ハイブリッド車初のコンパクトスポーツとして2010年2月に販売開始された、ホンダ・CR-Z。往年のコンパクトスポーツ、CR-Xの現代版モデルとして話題となり、日本カー・オブ・ザ・イヤーの2010-2011のイヤーカーに選ばれました。
そのCR-Zが初のマイナーチェンジを行った2012年9月26日、同時に発表されたのがM-TEC(無限)が手掛けた限定300台のコンプリートカー、CR-Z MUGEN RZ(アールズィー)です。
2012年当時、M-TECはCR-ZをベースとしたMUGEN CR-Z GTでスーパーGTへ参戦していました。活動していくうちに、サーキットで培ったノウハウを活かし「CR-Zをベースに誰もが熱い走りを楽しめるクルマをつくりたい」と思いに駆られ、実現させるために切磋琢磨が始まりました。そして、生まれたのが無限のレーススピリッツを込めた渾身の一台であるこのCR-Z MUGEN RZなのです。
CR-Z MUGEN RZのエクステリアは空力性能を求めながらもデザインの細部までこだわり、機能美と走りへの高揚感を高めるデザインを追求しています。空力パーツを追加したフロントバンパーやサイドスポイラー、そしてカーボンコンポジット制の中空構造のリアウイングなどにより、前後マイナスリフトを獲得。サーキットの高速コーナーでの高い安定感と定速コーナーの軽快なハンドリングを実現しています。
インテリアはボディカラーと同じ深いブルーのラックススェードを貼り込んだ専用アイテム。このシート表皮は上質な肌触りで滑るにくいためコーナリング時に高いホールド性を発揮します。さらにシフトノブにはブルーのラインに彩られたカーボン製。さらにブルーのイルミネーションを採用したブースト計を装着することで、レーシーな雰囲気が漂っています。
搭載されているパワートレインは高回転型1.5L直4VTECエンジンとモーターの出力を1.5倍にするリチウムイオンバッテリーを採用したIMAハイブリッドユニットに遠心式スーパーチャージャーを装着。レース用に開発されたコアを採用した高効率インタークーラーを採用により、エンジンの最高出力は156ps、最大トルク185Nmまでパワーアップしています。

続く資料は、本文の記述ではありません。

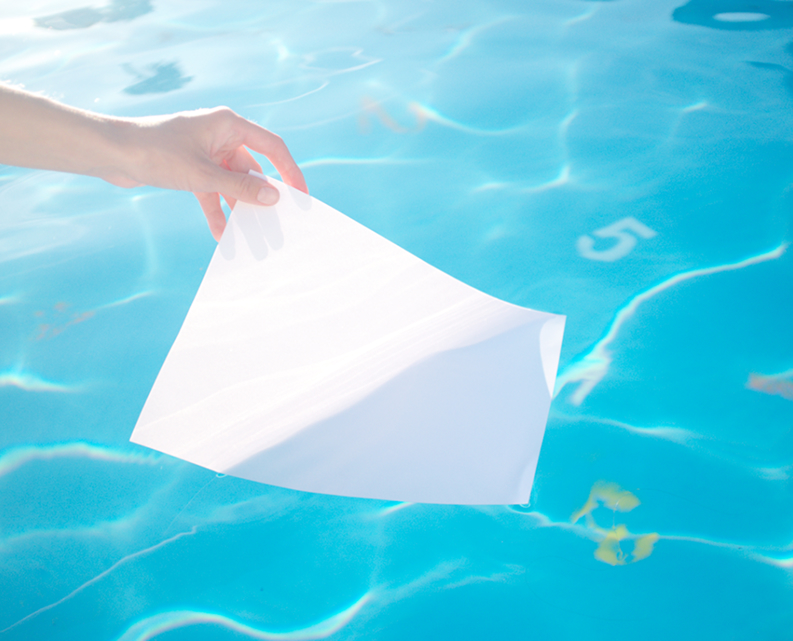 A hand holding a blank white piece of paper partially submerged in clear blue pool water with depth markings visible.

専用の高効率エキゾーストシステム&コンピューター採用したパワーユニットには6速MTが組み合わされます。加えて、足回りも5段階調整式のサスペンション、鍛造アルミホイール、大径ブレーキなどで性能アップされたCR-Z MUGEN RZは、車両本体価格462万2400円で発売されました。

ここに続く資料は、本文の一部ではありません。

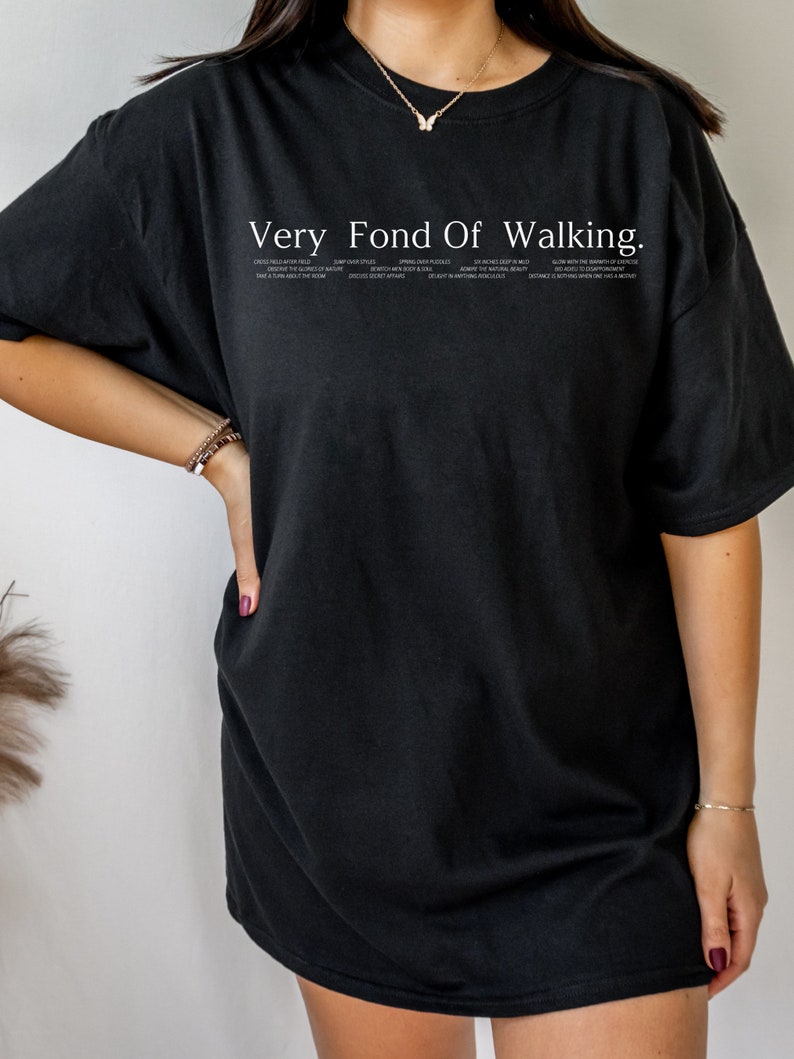 May include: Black oversized t-shirt with the text "Very Fond Of Walking." The text is in white and includes a list of phrases about walking.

CR-Zの中古車は現在約600台流通していますが、発売されてから約6年半が経過した2019年3月時点でのCR-Z MUGEN RZの中古車の流通台数はわずか6台。現在の平均価格は254万円で、3カ月前の2018年12月時点が256万円だったのでほぼ横這いで推移し安定状態となっています。
中古車の価格帯は139.7万〜299.0万円とかなり幅広く、最も高価格の物件は走行距離がわずか1.1万kmというなかなかお目にかかれないレアなクルマもあります。販売開始から約6年経ってもまだ価格は新車時価格の半分をキープしている車両が多く、中古車はわずか6台しかないというのは知る人ぞ知るクルマだからでしょう。
無限の魂が詰まったハイブリッドコンパクトスポーツのCR-Z MUGEN RZ、手に入れるなら急いだほうが良さそうです。